Real law enforcement work bears little resemblance to what we see on television and in the movies. Rarely is it glamorous. Officers, quite frankly, spend most of their time encountering the detritus of humanity. Yes, I know that God does not see any human being as garbage. But the reality is that some human beings live like animals. Day in and day out, year after weary year, police officers interact with the same types of people—criminals, the uneducated, the uncouth, the addicted, the manipulative, the violent, the deceitful, the mentally insane and occasionally some regular citizens who just need some help. After years working in the trenches of law enforcement, police officers can easily get jaded towards all humanity. It takes a special type of person to remain positive and professional under these circumstances.
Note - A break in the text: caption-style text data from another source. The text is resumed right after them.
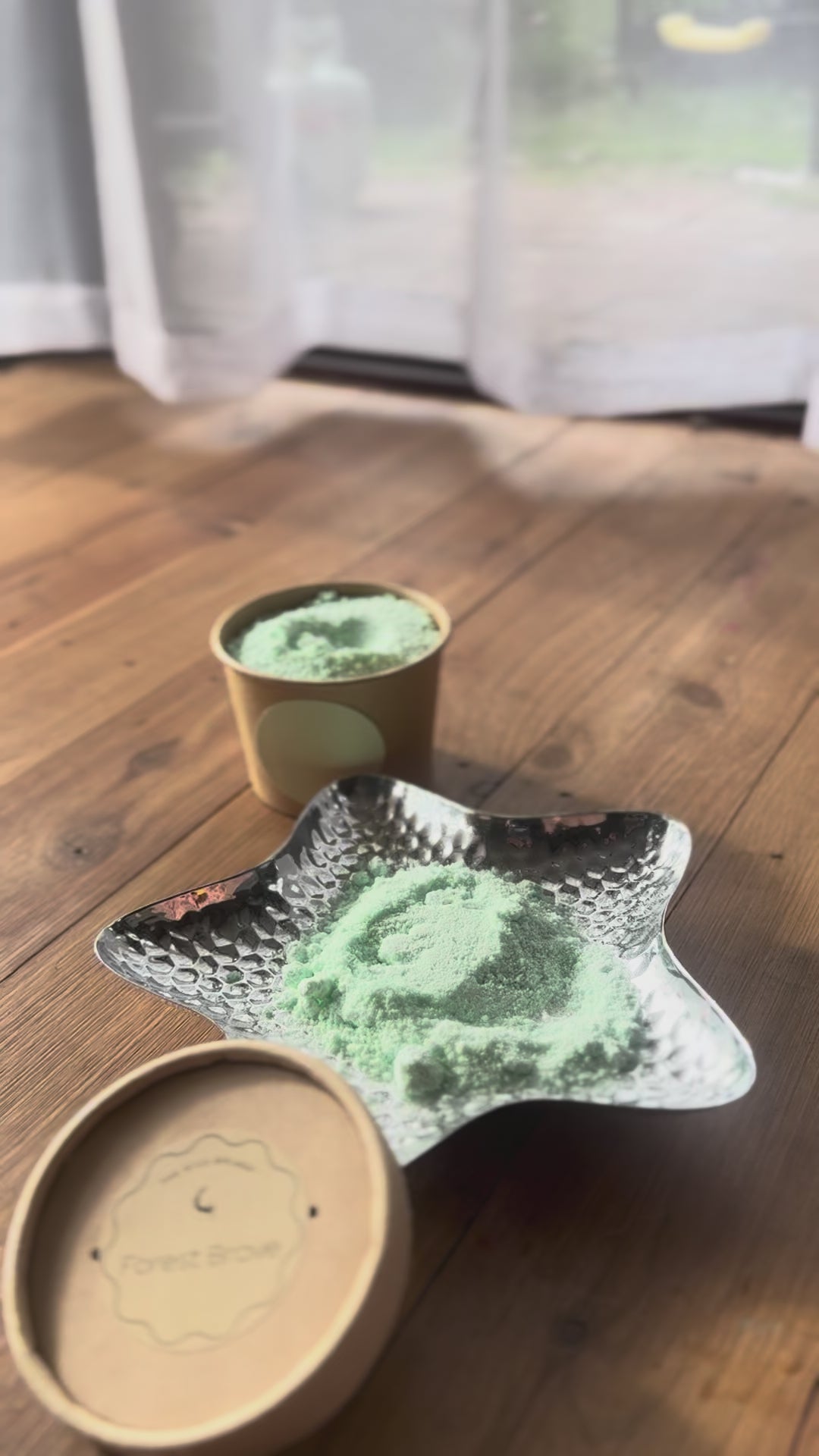 Forest Brave Mood Magic Potion dust
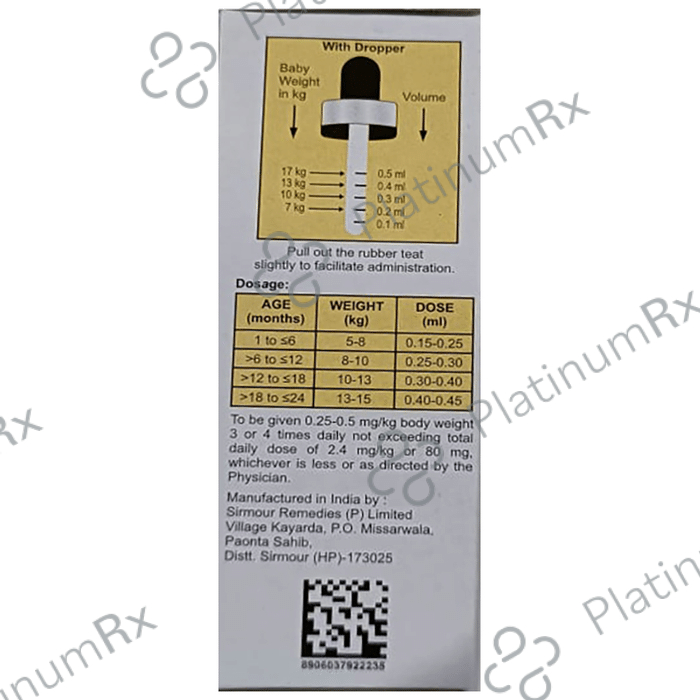 Domways 10mg Oral Drops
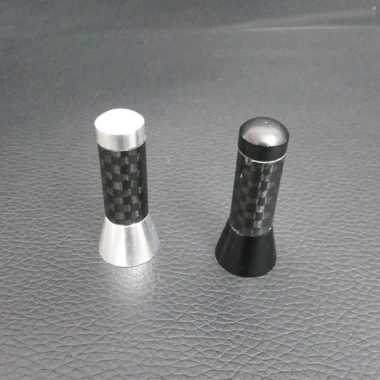 Ăng-ten sợi carbon đa năng sửa đổi ô tô - Trang trí siêu ngắn, bền bỉ, giá ưu đãi 67.285₫ 2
You may have heard about the recent riots in Baltimore over the mysterious death of Freddie Gray, a black man, who died in police custody. After Gray’s death, the City of Baltimore erupted with cries of police brutality and racism. When these tragedies happen, some in the community immediately default to racism as the root problem. Apparently those same people seem to think the job of a police officer is little different than, say, a dentist or a businessperson. The reality is that if a police officer has crossed the line and used excessive force, or has simply been careless in his duties, it is quite possible that the officer has simply become extremely jaded towards people in general. It may have little if anything to do with racism in the heart of the officer. But apparently being excessively jaded isn’t as sexy as racism, though it is just as tragic. This is not to say that racism does not exist in police departments across the country. But come on folks, our police officers have a most unpleasant job that places them in constant contact with the worst the human race can produce. We can’t excuse their behavior when they cross the line, but we can at least have a little understanding and sympathy.